S'il faut retenir quelque chose de ce film à rallonge - cela est possible dans les productions d'une Netflix qui a tout intérêt à produire en longueur - ce sera la présence de deux brillants acteurs et d'une séquence d'action bien pensée bien que mal exploitée. Si le film de plus de deux heures aurait bien mérité d'être amputé d'une trentaine de minutes (notamment, les scènes explicatives qui ont l'air sérieuses vu la trombine des acteurs mais qui sont surtout lourdingues), du temps est donné à Park Hae-soo et Sol Kyung-gu pour montrer la subtilité de leur jeux, tout en regards et petits rictus en coin. On a presque envie d'oublier les scènes qui tentent de nous persuader du sérieux de cette histoire mêlant des espions de Corée du Nord, de Japon, de Corée du Sud et de Chine.
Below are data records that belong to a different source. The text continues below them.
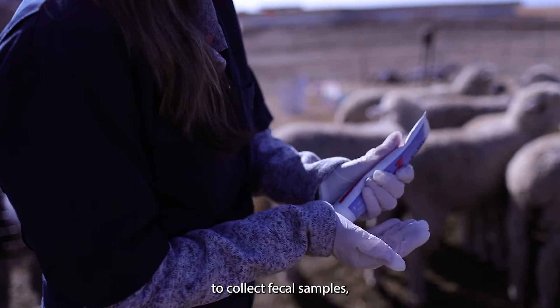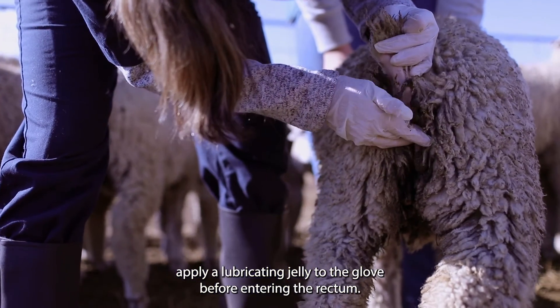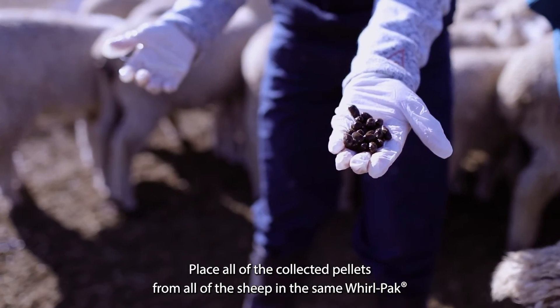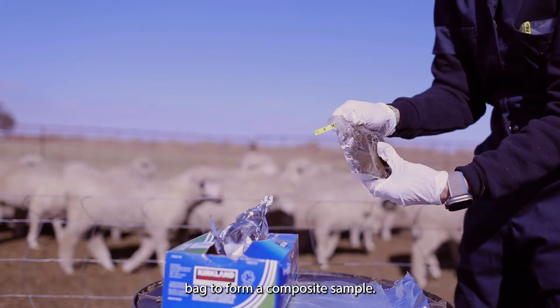To collect fecal samples, apply a lubricating jelly to the glove before entering the rectum. Place one or two fingers inside the rectum and gently stroke the rectum to help encourage defecation. Place all of the collected pellets from all of the sheep in the same Whirlpack bag to form a composite sample.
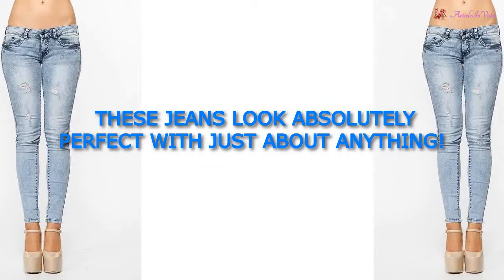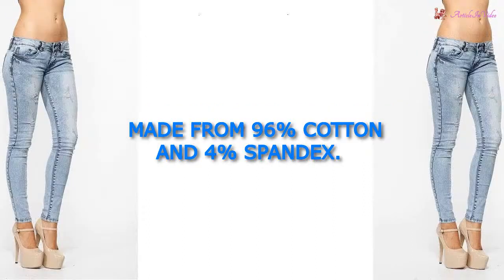These jeans look absolutely perfect with just about anything. Made from 96% cotton and 4% spandex.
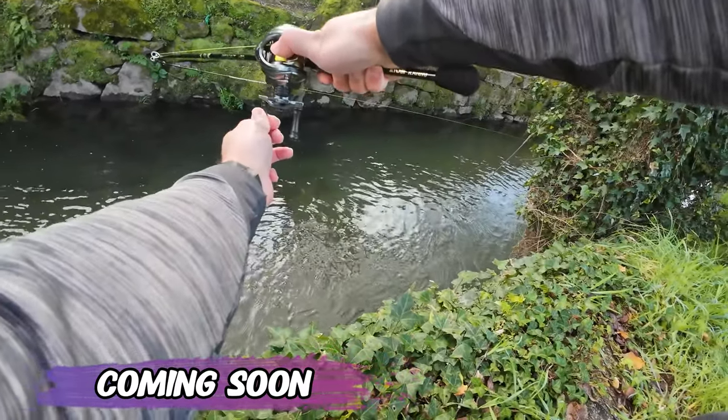I will be testing this rod really soon. The rod is so bent — what the hell is this?! I'll see you guys in my next video.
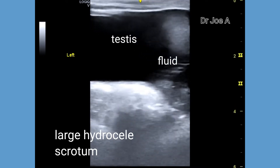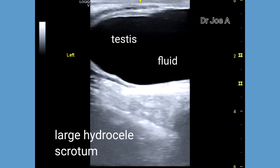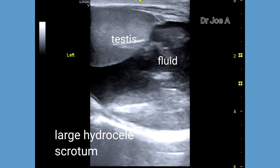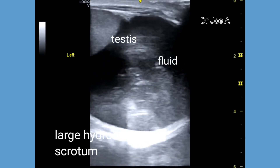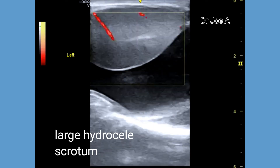On ultrasound, there is an anechoic fluid collection extending from the upper pole of the left testis all the way almost completely around the testis to the lower pole of the same side.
On apprend juste que Kim Jong-un a besoin de liquidité et que la NIS peut la jouer parfois mauvaise. On passe sur le multilinguisme et on note que le sujet est la restauration du pouvoir mondial autour de l'Asie de l'Est, et que cela donne une guerre des gangs qu'ils soient d'Etat ou mafieux. La différence est difficile à faire. On a là le message du film. Une annonce introductive aurait suffit.
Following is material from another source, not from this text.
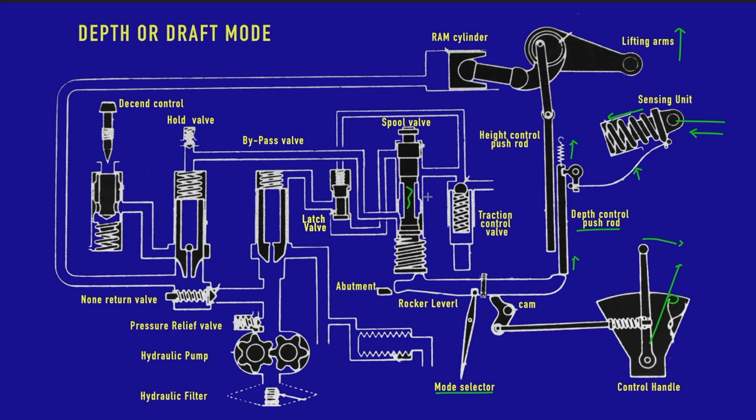In lifting mode we know all passageways must be closed — a closed passageway for the bypass valve and a closed passageway for the hold valve. No oil can pass through either valve, so all oil flows from the hydraulic pump through the non-return valve to the ram cylinder, filling it up. As it does so, the piston moves out and the lifting arm rotates upwards. When we move the lever back a little, we enter what we call the hold mode.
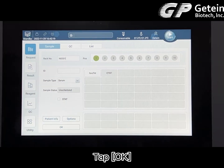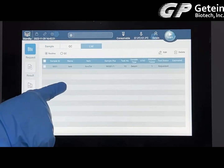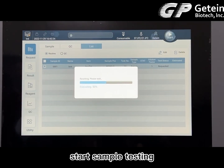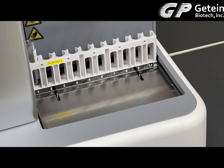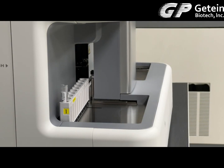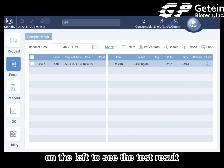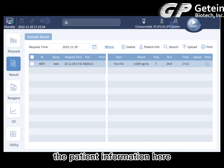Tap OK. The requested tests will be displayed on the List window. Confirm that the information is correct and tap the Start icon in the upper right corner to start sample testing. Tap the result button on the left to see the test results; you can check the result or change the patient information here.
* Deux acteurs et une scène (suite)

Mais revenons à nos deux acteurs clefs. Le directeur de casting a eu raison de les unir dans un même film, car leur jeu s'appuie sur une gestuelle similaire. Tous deux aiment à se poser en profil voire de dos avant de lentement se retourner ou lever la tête. Tous deux aiment aussi à jouer du regard, mais ce n’est pas le regard-signe des acteurs lambda de dramas, c'est le regard intériorisé, celui qui fait sentir qu'il y a quelqu'un qui pense derrière l'image extérieure ; une image extérieure, d’ailleurs, très mal conçue par la réalisation qui essaie de montrer le procureur comme un intello peu porté sur l'action physique et le super espion comme un bagarreur au grand cœur. Les scènes n'étant pas tournées dans l'ordre chronologique du film, cela n'évolue pas même après deux heures de confrontations. Le réalisateur - probablement grâce à son assistant - a pourtant la bonne idée d'une séquence de fusillade entre deux bâtiments d'une ville chinoise - Shenyang - réjouissante bien que très clichée. Nos espions sud-coréens canardent des flics chinois depuis les travées d'un immeuble qui fait face à un autre immeuble tout proche d'où nos pauvres gardiens de l'ordre répliquent. Ils sont pauvres, car on aura jamais vu des flics chinois se faire tirer comme des lapins à ce point. Les autorités de l'empire du milieu n'ont pas du visionner le film. Magnifique configuration donc pour une mise en scène à la John Woo de la grande époque. Et le film rappelle par bien des aspects les grands polars de Hong Kong de l'âge d'or des années 1980. Sol Kyung-gu se prend même un pour Chow Yun Fat avec son Beretta qu'il recharge sans arrêt et actionne à l'horizontale. Las, cela manque de travelings fluides et d'envolées de grue (exceptée une petite très bien venue).


ⓒNetflix, Inc.

* Na Hyeon

Evidemment, on se prend à regretter une vraie réalisation pour ces décors de ville chinoise interlope. Malheureusement Na Hyeon se contente de prises de vue en mode automatique, laborieusement collées aux redondances d'un récit probablement concocté à l'origine pour une série. Bref, Na s'échine à mettre en boite une histoire à dormir debout, à peine du niveau des romances de TV drama. La prochaine fois sera peut-être la bonne, c'est ce que nous lui souhaitons.